2009/11/19 Per Jessen
Rob OpenSuSE wrote:
2009/11/19 Per Jessen
: Rob OpenSuSE wrote:
2009/11/18 Carlos E. R.
:
To me, what is worthwhile testing is something I determine. It is in no way influenced by what may or may not have been tested already. I will often try out the alphas/betas/RCs on boxes I might be prepping for production, or a box that has been taken out of production, but not yet moved. Right now I've got a new firewall box sitting next to me, running 11.2.
Yes that's good opportunism.
If 10 people are using that machine daily as a desktop already, then it's waste of time duplicating their effort.
Perhaps - doesn't it depend some on what they're doing with it and if it is _exactly_ the same machine?

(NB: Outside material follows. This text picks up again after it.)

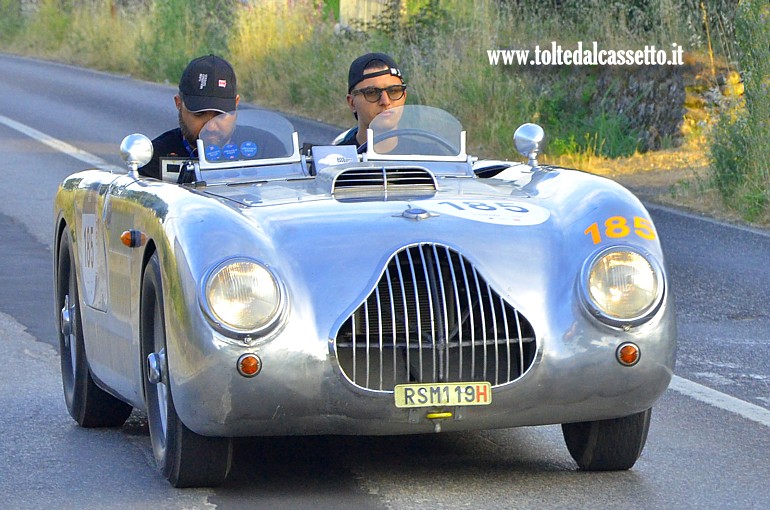MILLE MIGLIA 2025 - Veritas Comet RS anno 1949 (Equipaggio: Nikolaos Bakos e Dimitrios Bakos  - Numero di gara: 185)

Well I have installed Linux for 10 years or so, so when things don't go smooth I'd like to think I can develop work rounds, and narrow the problem down. Our releases do not install smoothly on all supported range of hardware, because of driver issues in kernel, or sometimes installer bugs. To me those bugs, that stop someone running Online update, are much more serious than 'normal' application bugs, say a crash in Kget when you investigate torrents in a download group. What does the average user do, when faced with a GM release that simply locks up, when the kernel starts running, or just get a black screen?

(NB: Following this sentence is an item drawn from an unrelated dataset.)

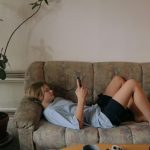 Geração Conectada, Mas Desanimada: Estudo do IBGE Mostra a Tristeza Entre Jovens de 13 a 17 Anos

It seems clear from response to this thread as a project, we really have very little idea really about the range of hardware our newest release has been tested on.

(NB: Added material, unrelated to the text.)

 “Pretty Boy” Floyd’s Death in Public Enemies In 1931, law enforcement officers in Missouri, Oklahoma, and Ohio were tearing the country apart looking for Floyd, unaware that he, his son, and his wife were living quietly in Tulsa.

Yes, I think that is a very safe assumption to make.
We could only start to get a picture as cron jobs start running on 1st. But don't find it obvious with smolts.org how to filter out Fedora etc and only look at results for OS 11.x.
I looked at the smolt package, and AFAICT, Henne Vogelsang added a requirement for cron back in 2008, so maybe that's when the cron-file was created too. Maybe Henne had some specific idea wrt the 0120 time to run smolt?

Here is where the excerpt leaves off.